* Supplied data
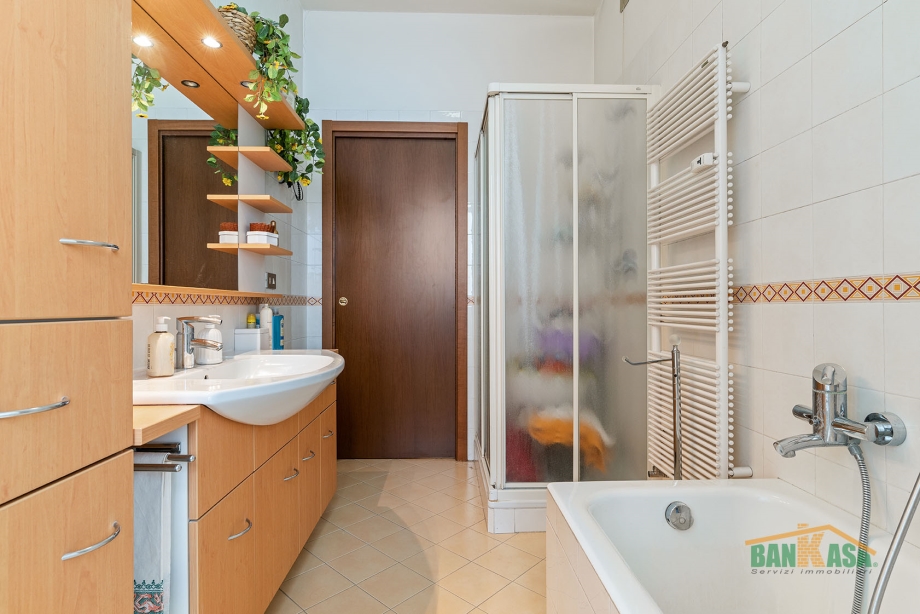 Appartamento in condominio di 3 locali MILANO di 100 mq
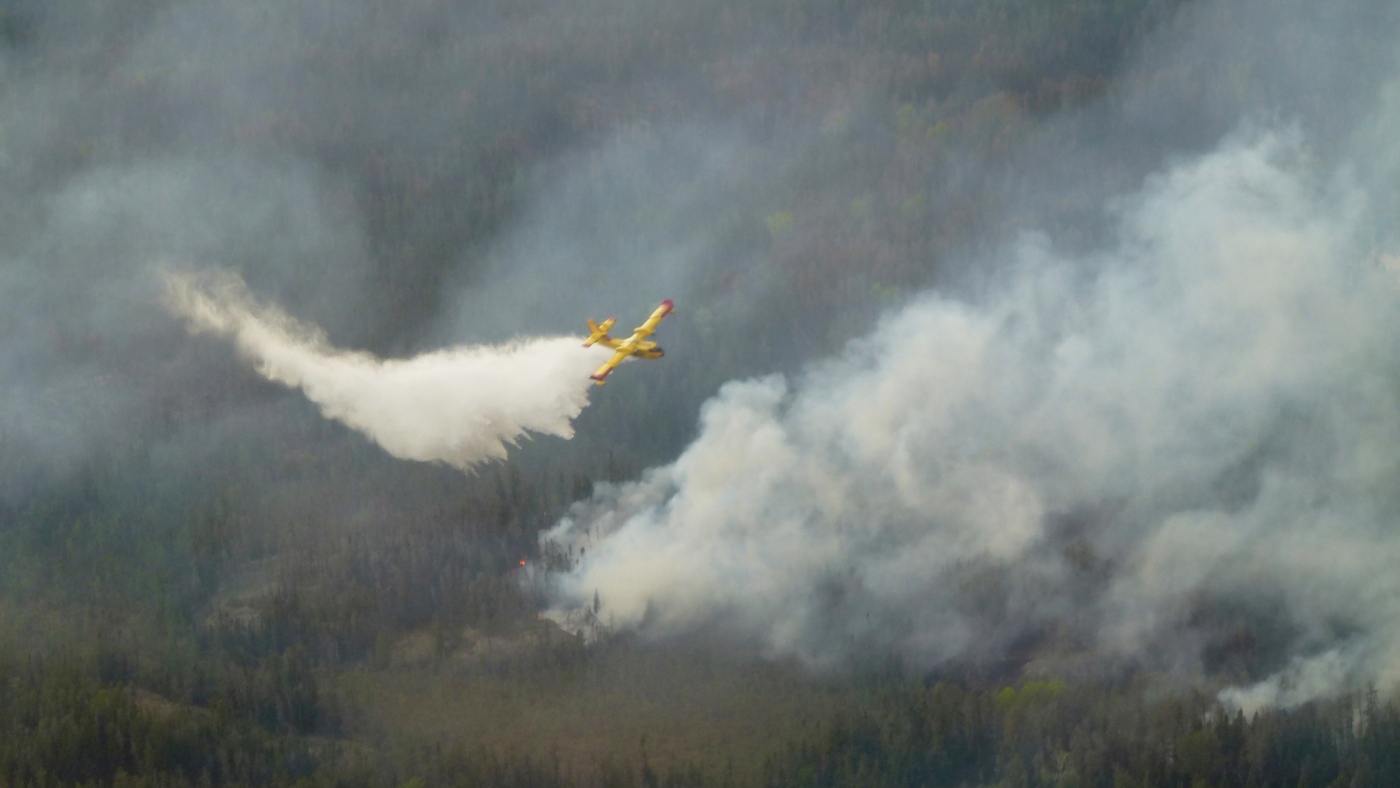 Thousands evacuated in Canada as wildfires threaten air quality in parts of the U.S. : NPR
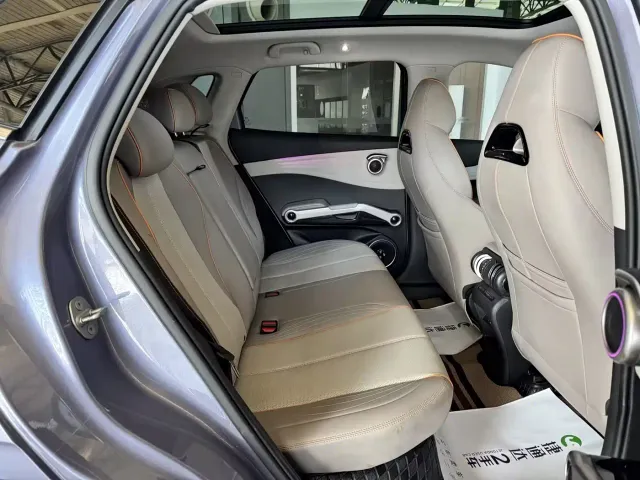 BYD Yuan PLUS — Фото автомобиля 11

* Instructions to follow
Everything from the line containing "Thousands evacuated in" to the last line of the listing above must be reproduced exactly, with no pictures included.

* Task response
 Thousands evacuated in Canada as wildfires threaten air quality in parts of the U.S. : NPR
 BYD Yuan PLUS — Фото автомобиля 11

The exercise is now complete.